Non seulement nous avons reçu double ration de coups pendant un dur exil, redoutable et terrible, non seulement nous sommes poursuivis sans cesse, non seulement notre sang est répandu comme de l’eau sur le sol, mais nous ne trouvons dans notre âme aucune manière de nous consoler, même d’une consolation minime, pour tout ce sang précieux et chéri, le sang de nos fils et de nos frères bien-aimés. Dans les années 5662-5666 [1902-1906], l’année où fut écrit ‘Éder Hayakar, il y eut de nombreux pogroms, en particulier en Russie, avec en parallèle une montée de l’antisémitisme mondial. Notre cœur est pétrifié, notre cerveau comme un lingot de plomb, et nous ne savons que nous affoler, être furieux, nous mettre en colère et éprouver de la haine. Nous sommes confrontés à une réalité si dure que nous n’arrivons plus, ni à nous concentrer, ni à nous consoler. C’est comme un malade qui gémit et qui pleure sur son lit de douleur. Le médecin lui dit : “et alors ?” – et le malade lui répond : “ce n’est pas assez que je souffre, il m’est même interdit de me plaindre ?” – N’alourdis pas le fardeau de celui qui souffre.

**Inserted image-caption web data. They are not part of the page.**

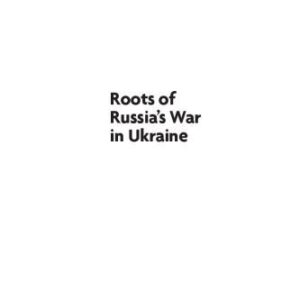 خرید و دانلود نسخه کامل کتاب Roots of Russia’s War in Ukraine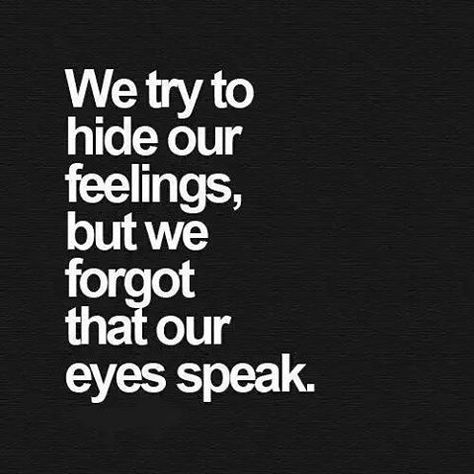 Crush Quotes, Eyes Speak, Eye Quotes, Fina Ord, Favorite Sayings, Random Thoughts, Visual Statements, Inspiring Quotes About Life, True Story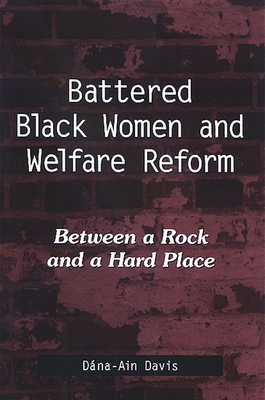 Battered Black Women and Welfare Reform: Betwee... 0791468445 Book Cover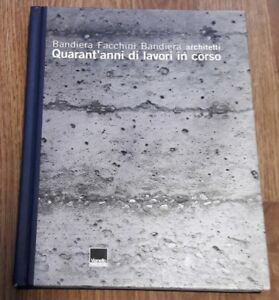 Bandiera Facchini Bandiera Architetti. Quarant'anni Di Lavori In Corso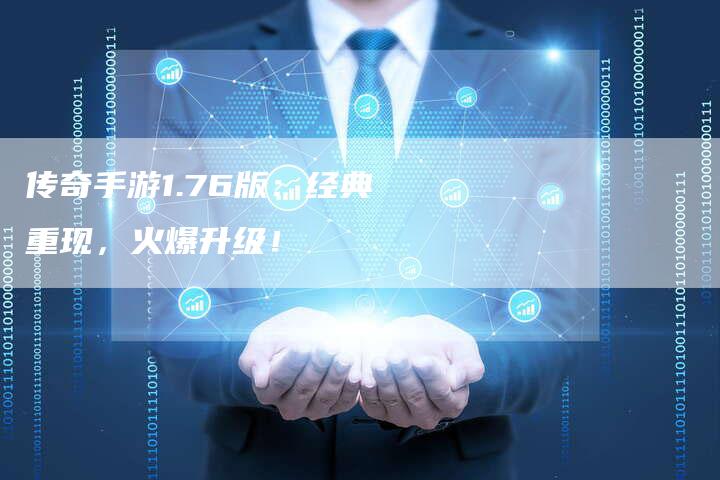传奇手游1.76版：经典重现，火爆升级！
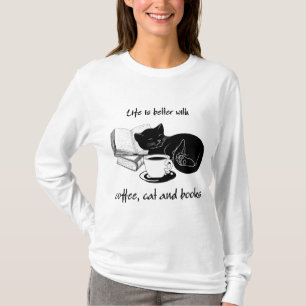 LIVET ÄR BÄTTRE MED KAFFE OCH BOKAR T SHIRT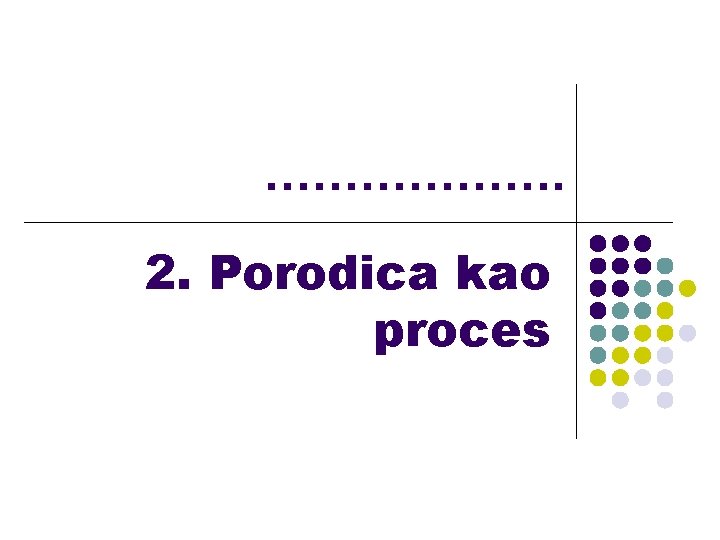 ………………. 2. Porodica kao proces 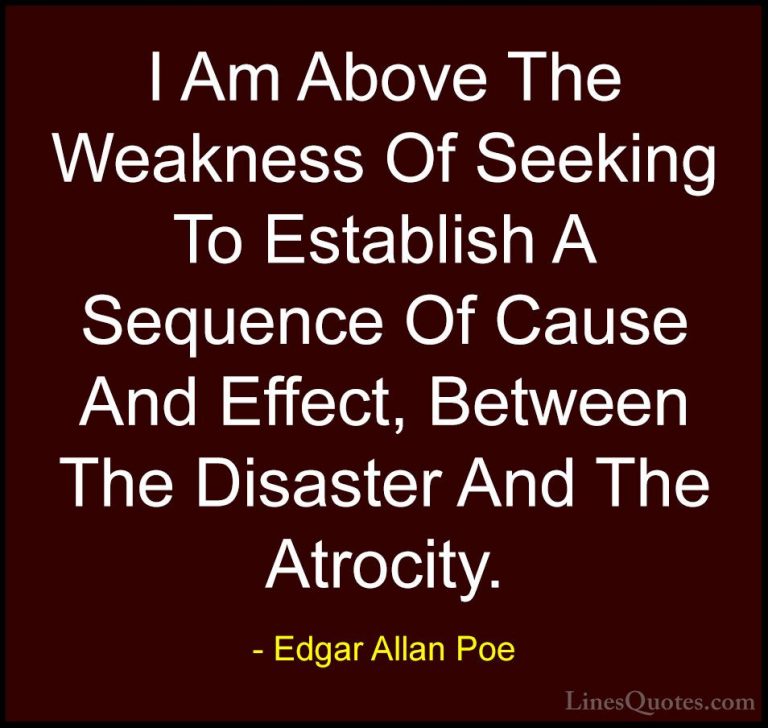 Edgar Allan Poe Quotes (40) - I Am Above The Weakness Of Seeking ... - QuotesI Am Above The Weakness Of Seeking To Establish A Sequence Of Cause And Effect, Between The Disaster And The Atrocity.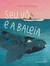 SEU VO E A BALEIA - MARTINS EDITORA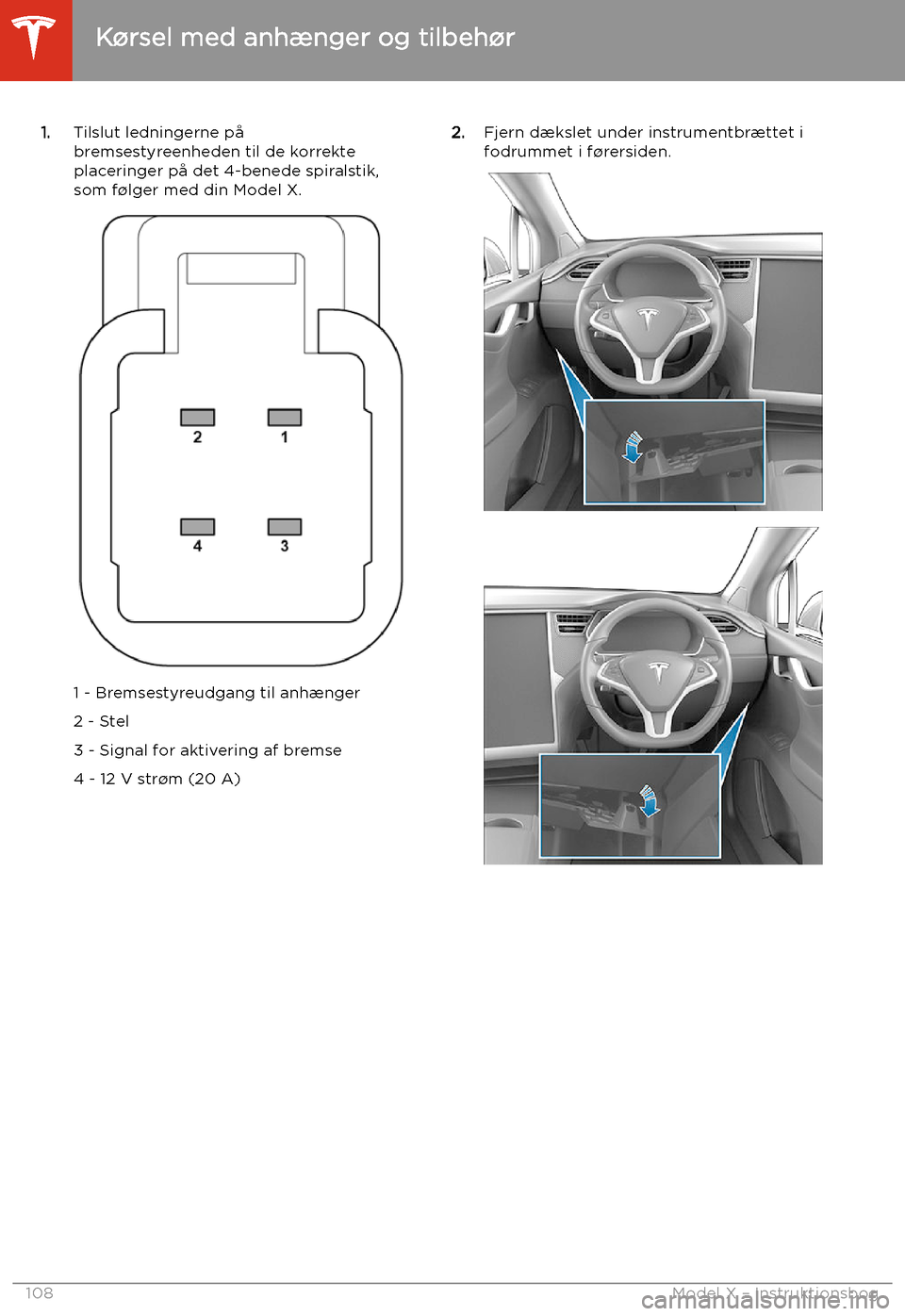 TESLA MODEL X 2020  Instruktionsbog (in Danish) 1.Tilslut ledningerne p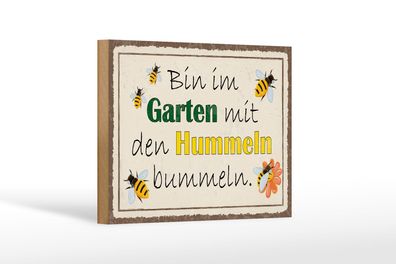 Holzschild Spruch 18x12 cm bin im Garten Hummeln bummeln Deko Schild wooden sign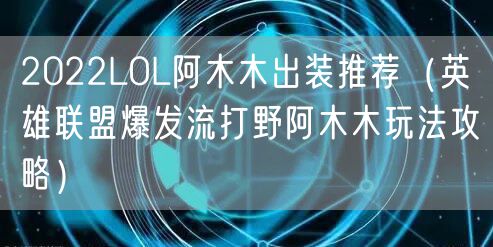 2022LOL阿木木出装推荐（英雄联盟爆发流打野阿木木玩法攻略）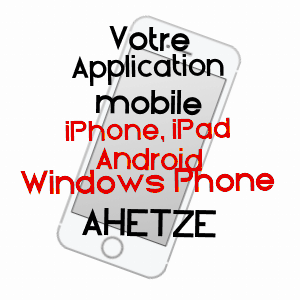 application mobile à AHETZE / PYRéNéES-ATLANTIQUES
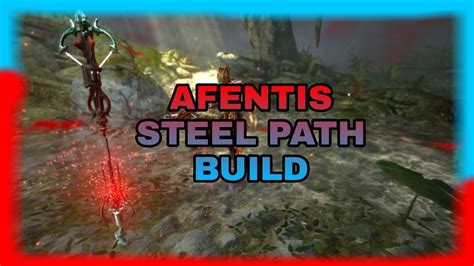 Fr Afentis Build 2022 Steel Path Build Warframe Fr Youtube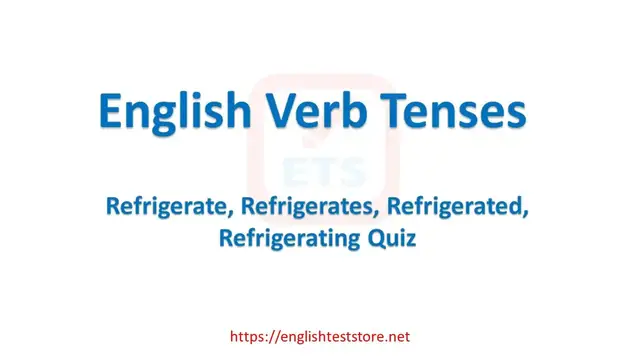 Video thumbnail for English Verb Tenses: Refrigerate, Refrigerates, Refrigerated, Refrigerating Quiz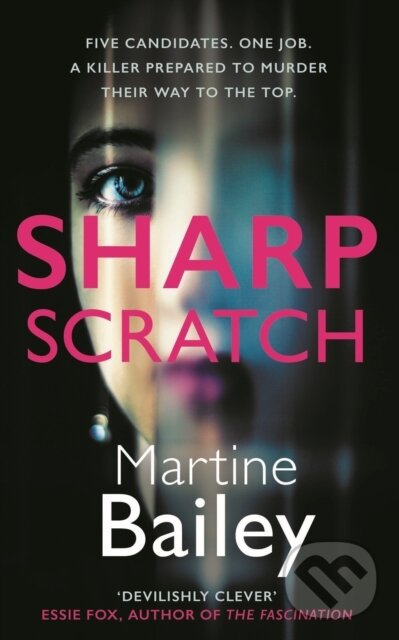Kniha: Sharp Scratch (Martine Bailey). Allison & Busby, 2024 Kniha: Sharp Scratch (Martine Bailey). Allison & Busby, 2024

Et après tout, de même qu’un homme qui se noie dans la mer se débat face à l’angoisse, et qu’il gêne ses sauveteurs au point qu’ils n’ont pas d’autre choix que de l’immobiliser par la force, de même, malgré toute la souffrance ressentie par rapport à la Génération, il faut trouver une alternative à l’effervescence et au déchaînement émotionnel.
Le malheur est notre lot. Les harédim ne sont pas encolère contre le laïcisme pour rien, ils attachent la plus grande importance au sort qui est fait à la nation, à la profanation du grand Nom, et ils ne sont pas prêts à se concilier avec cela. Imaginez ces Juifs qui furent enfermés dans des wagons pour être emmenés à Auschwitz, quand ils n’y eut plus aucune chance d’améliorer le sort qui leur était fait par des discussions, ils ne dirent pas : « Bon, que pourrions-nous faire ? », mais ils firent tout ce qu’ils purent pour survivre, en utilisant tous les moyens possibles, de façon rationnelle comme de façon irrationnelle, dans la colère et dans la fureur.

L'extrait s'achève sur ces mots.